◆ **What to work on**:
Transcribe the material verbatim, starting at its first line and stopping once the line containing "Figuras de acción" has been given; no picture should appear.

....

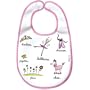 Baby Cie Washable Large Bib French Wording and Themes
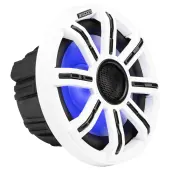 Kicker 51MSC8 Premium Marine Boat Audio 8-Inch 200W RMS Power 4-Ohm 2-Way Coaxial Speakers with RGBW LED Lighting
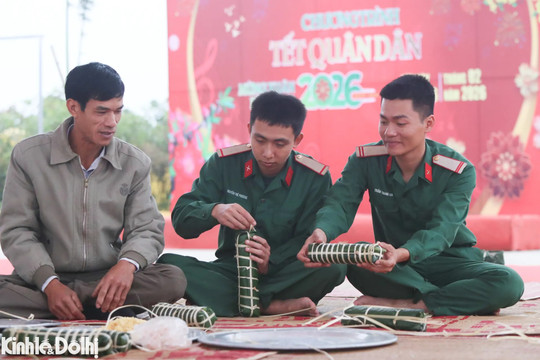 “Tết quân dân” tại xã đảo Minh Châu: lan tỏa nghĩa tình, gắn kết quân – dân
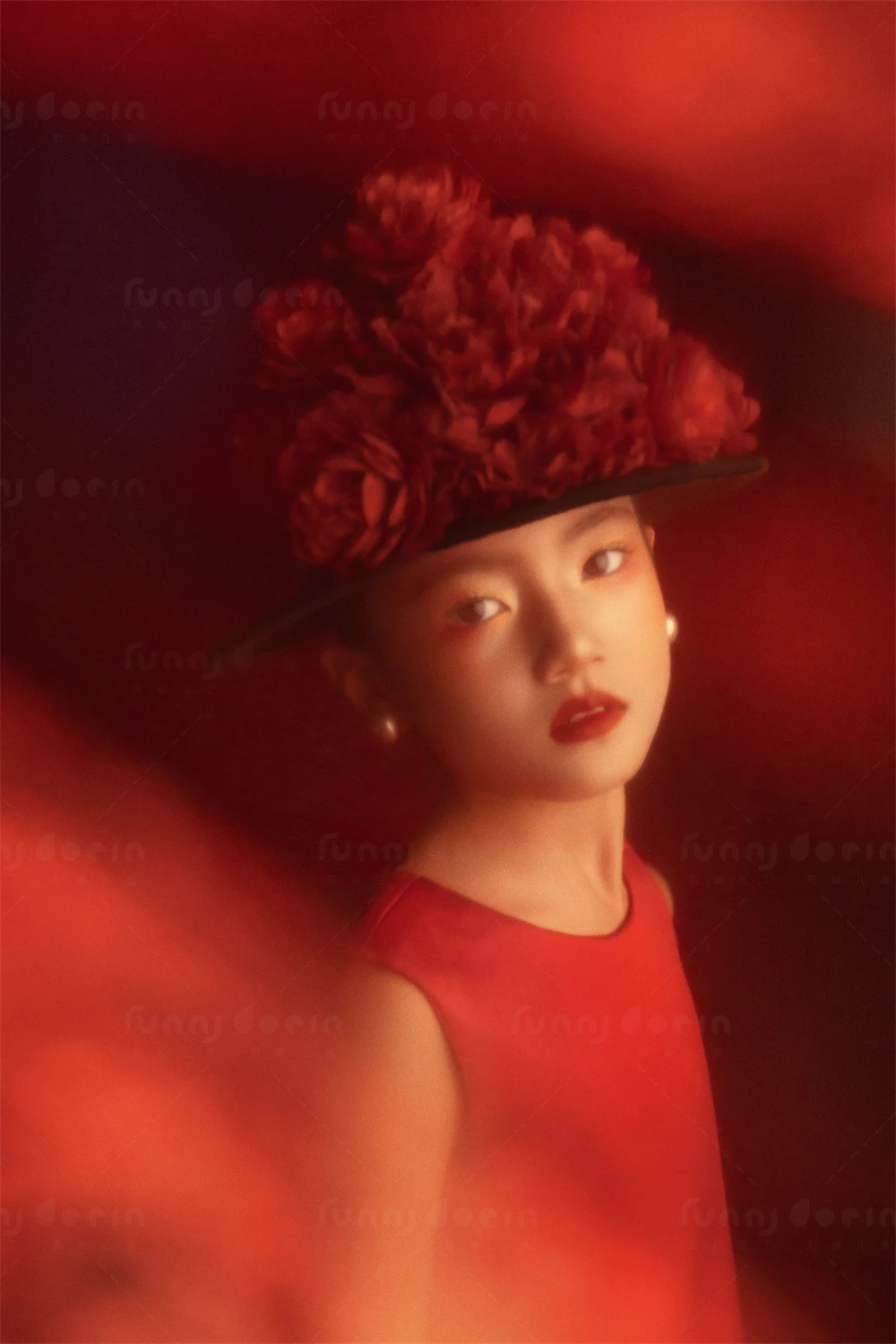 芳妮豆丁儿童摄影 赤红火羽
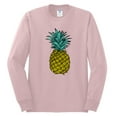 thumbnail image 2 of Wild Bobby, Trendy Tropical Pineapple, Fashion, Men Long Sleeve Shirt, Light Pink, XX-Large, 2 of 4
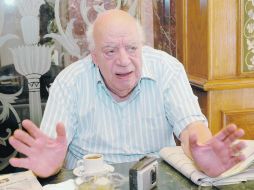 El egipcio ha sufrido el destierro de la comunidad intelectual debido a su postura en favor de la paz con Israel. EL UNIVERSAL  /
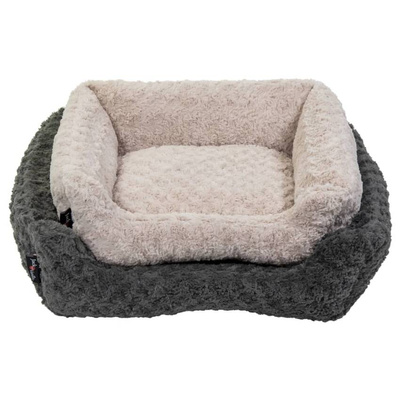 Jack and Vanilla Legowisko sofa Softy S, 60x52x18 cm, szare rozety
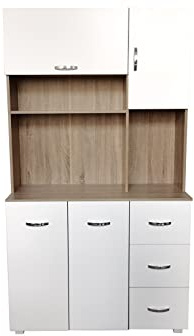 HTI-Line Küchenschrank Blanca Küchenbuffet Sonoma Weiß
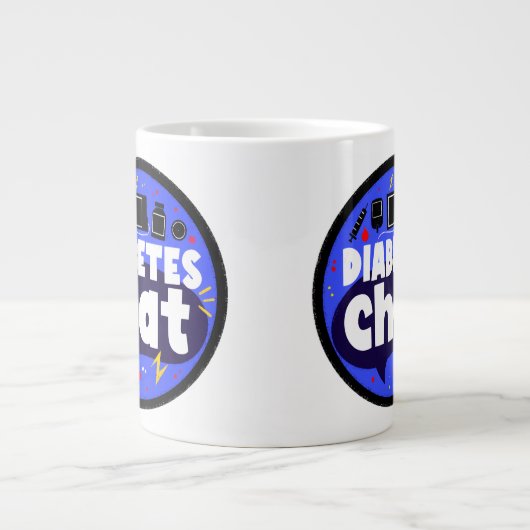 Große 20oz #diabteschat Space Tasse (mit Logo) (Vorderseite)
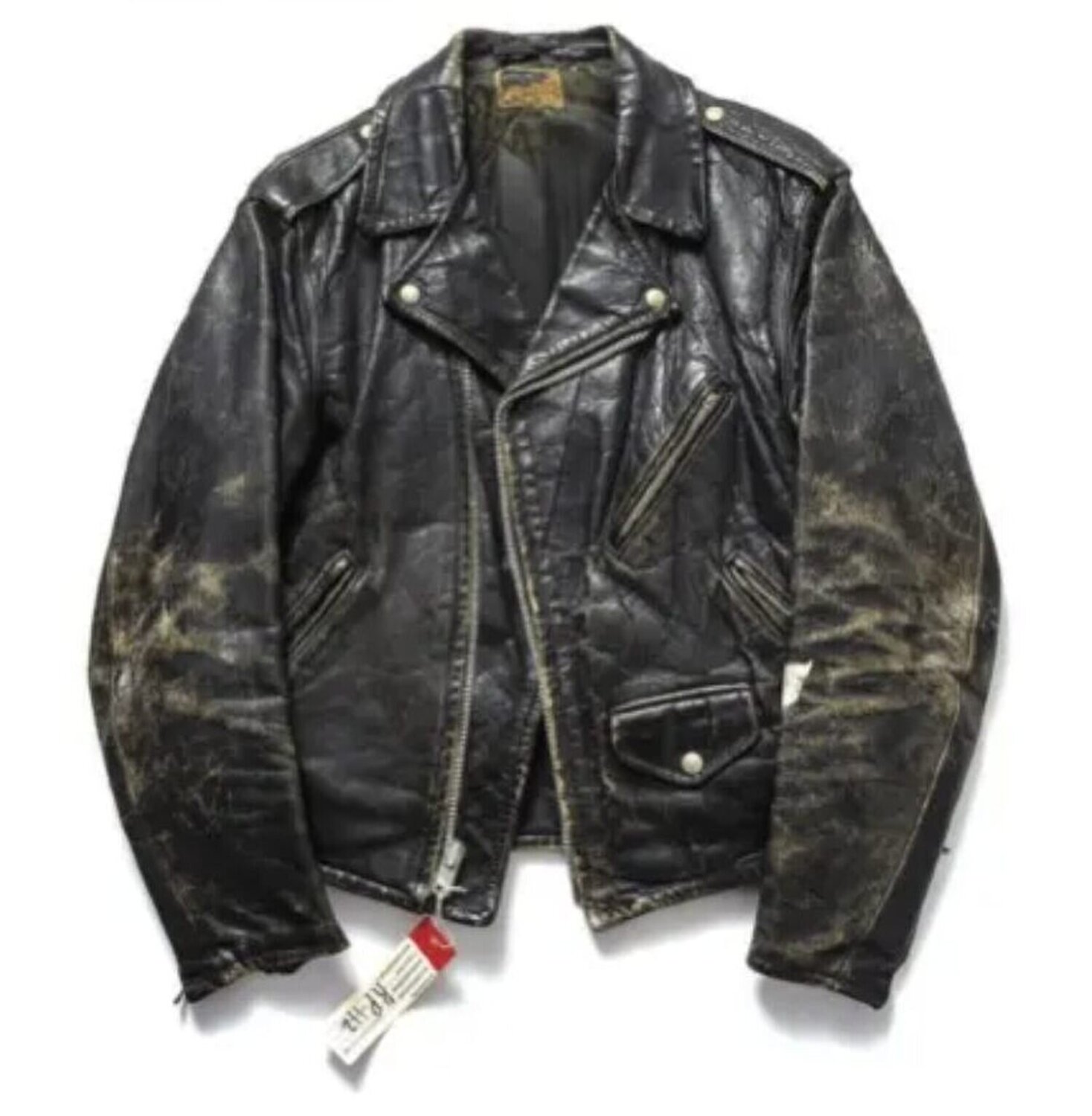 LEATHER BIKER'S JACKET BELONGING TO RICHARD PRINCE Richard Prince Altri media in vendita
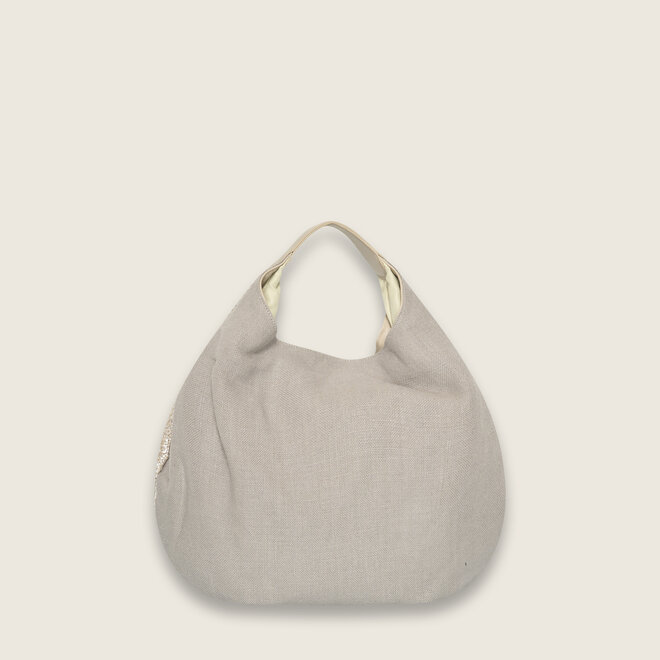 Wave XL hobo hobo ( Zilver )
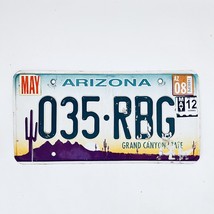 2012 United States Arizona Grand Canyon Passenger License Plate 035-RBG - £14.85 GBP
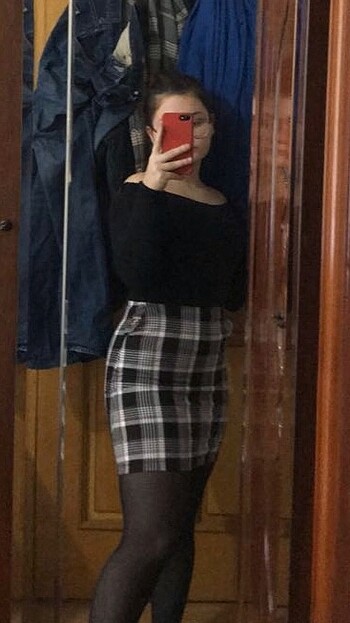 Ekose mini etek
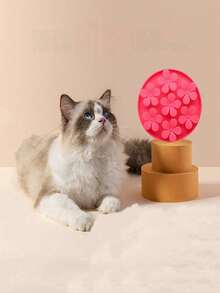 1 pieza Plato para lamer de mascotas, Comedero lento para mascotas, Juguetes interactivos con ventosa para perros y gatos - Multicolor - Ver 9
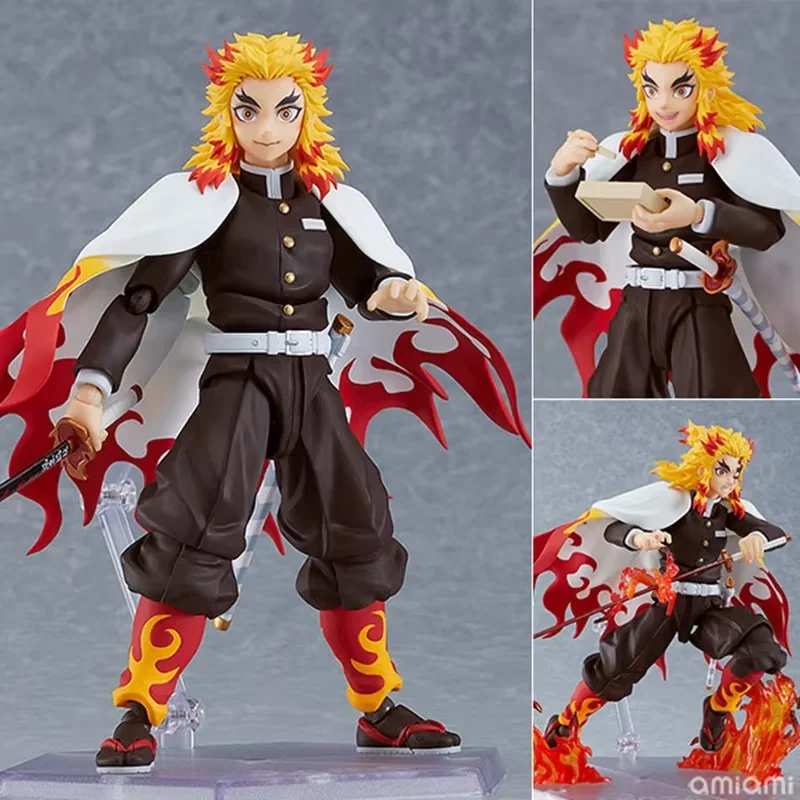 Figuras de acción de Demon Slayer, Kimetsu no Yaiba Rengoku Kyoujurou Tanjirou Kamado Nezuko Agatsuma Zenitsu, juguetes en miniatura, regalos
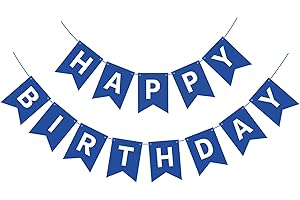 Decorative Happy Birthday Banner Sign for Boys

....

◆ **Final answer**:
 Baby Cie Washable Large Bib French Wording and Themes
 Kicker 51MSC8 Premium Marine Boat Audio 8-Inch 200W RMS Power 4-Ohm 2-Way Coaxial Speakers with RGBW LED Lighting
 “Tết quân dân” tại xã đảo Minh Châu: lan tỏa nghĩa tình, gắn kết quân – dân
 芳妮豆丁儿童摄影 赤红火羽
 thumbnail image 2 of Wild Bobby, Trendy Tropical Pineapple, Fashion, Men Long Sleeve Shirt, Light Pink, XX-Large, 2 of 4
 El egipcio ha sufrido el destierro de la comunidad intelectual debido a su postura en favor de la paz con Israel. EL UNIVERSAL  /
 Jack and Vanilla Legowisko sofa Softy S, 60x52x18 cm, szare rozety
 HTI-Line Küchenschrank Blanca Küchenbuffet Sonoma Weiß
 Große 20oz #diabteschat Space Tasse (mit Logo) (Vorderseite)
 LEATHER BIKER'S JACKET BELONGING TO RICHARD PRINCE Richard Prince Altri media in vendita
 Wave XL hobo hobo ( Zilver )
 2012 United States Arizona Grand Canyon Passenger License Plate 035-RBG - £14.85 GBP
 Ekose mini etek
 1 pieza Plato para lamer de mascotas, Comedero lento para mascotas, Juguetes interactivos con ventosa para perros y gatos - Multicolor - Ver 9
 Figuras de acción de Demon Slayer, Kimetsu no Yaiba Rengoku Kyoujurou Tanjirou Kamado Nezuko Agatsuma Zenitsu, juguetes en miniatura, regalos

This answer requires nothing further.